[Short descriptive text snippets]
※
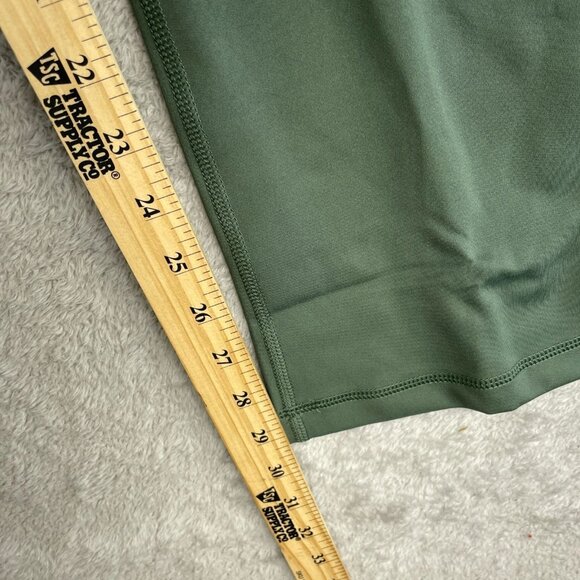 NEW Gap Fit Women's M Green Flare Leggings Green Side Pocket - Picture 9 of 15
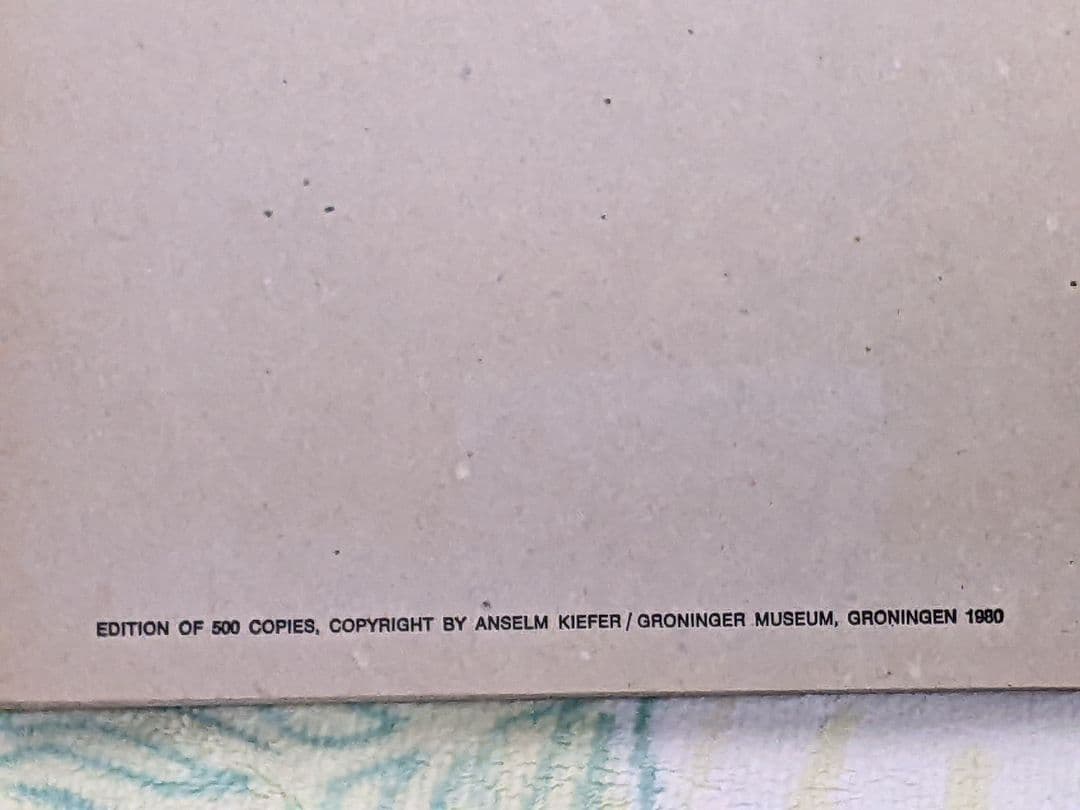 アンゼルム・キーファー テキストブック 限定500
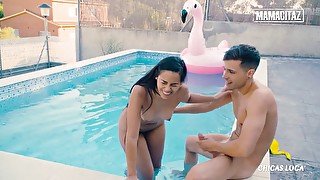 Max Cortes and Alberto Blanco take turns fucking Babes Andreina De Luxe & Boni Brown in the great outdoors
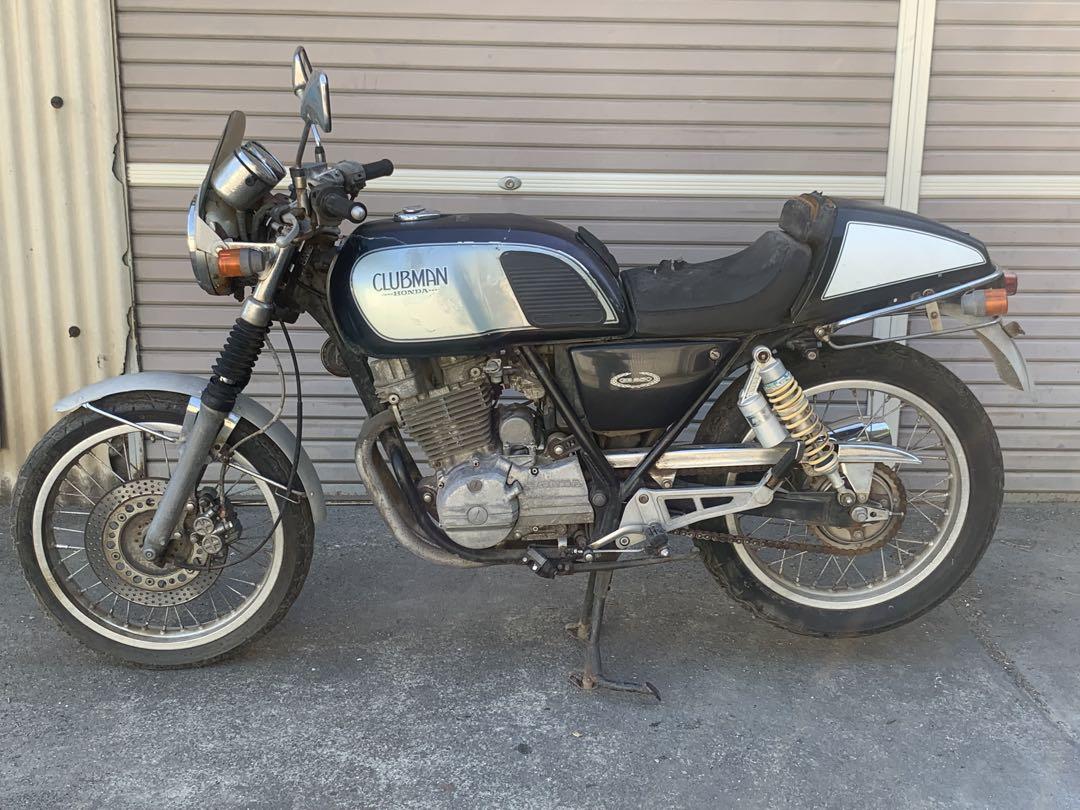 ホンダGB250クラブマン初期型不動レストアベース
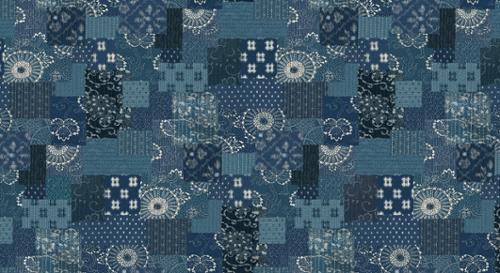 MODA Indigo Blooming - 48098-12 Navy - Cotton Fabric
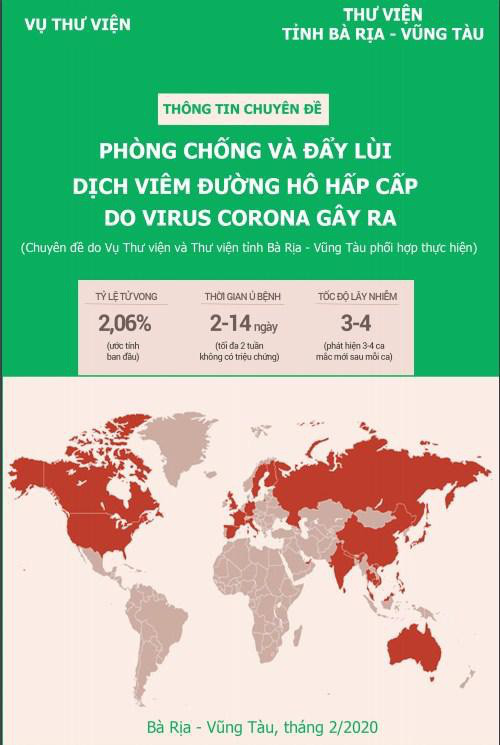 Ngành thư viện làm gì để góp phần phòng chống và đẩy lùi dịch viêm đường hô hấp cấp do vi rút Corona mới gây ra? - Ảnh 1.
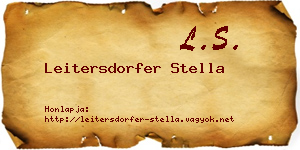 Leitersdorfer Stella névjegykártya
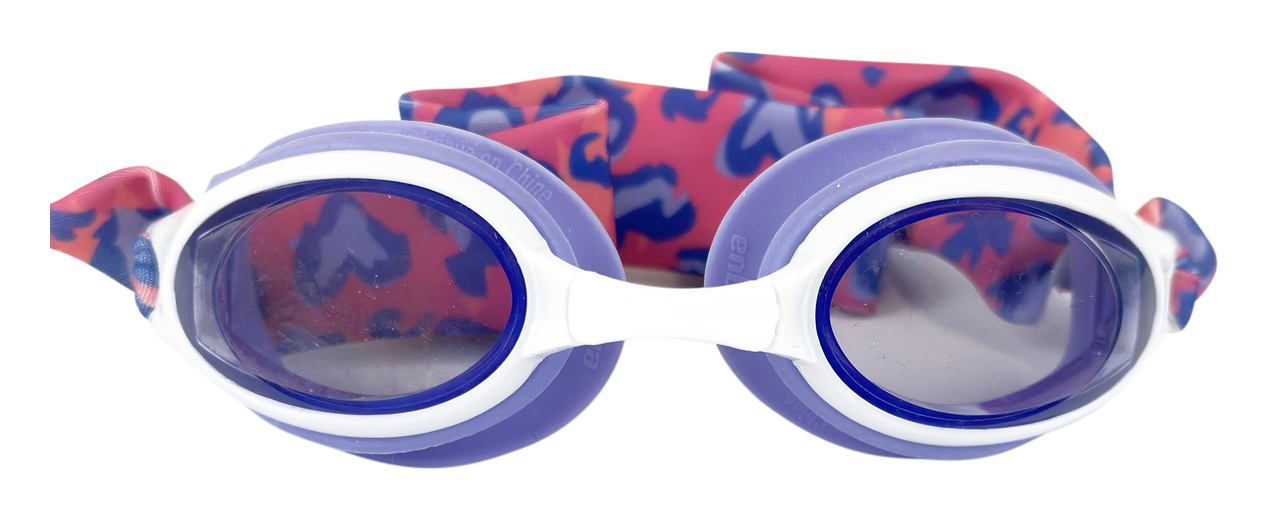 Image of Aqua-Leisure Freestyle Swim Goggles for Kids - Cheetah Hearts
※
Your goal — Should there be pictures in the data, leave them out and return the rest exactly.

Expected answer —
 NEW Gap Fit Women's M Green Flare Leggings Green Side Pocket - Picture 9 of 15
 アンゼルム・キーファー テキストブック 限定500
 Max Cortes and Alberto Blanco take turns fucking Babes Andreina De Luxe & Boni Brown in the great outdoors
 ホンダGB250クラブマン初期型不動レストアベース
 MODA Indigo Blooming - 48098-12 Navy - Cotton Fabric
 Ngành thư viện làm gì để góp phần phòng chống và đẩy lùi dịch viêm đường hô hấp cấp do vi rút Corona mới gây ra? - Ảnh 1.
 Leitersdorfer Stella névjegykártya
 Image of Aqua-Leisure Freestyle Swim Goggles for Kids - Cheetah Hearts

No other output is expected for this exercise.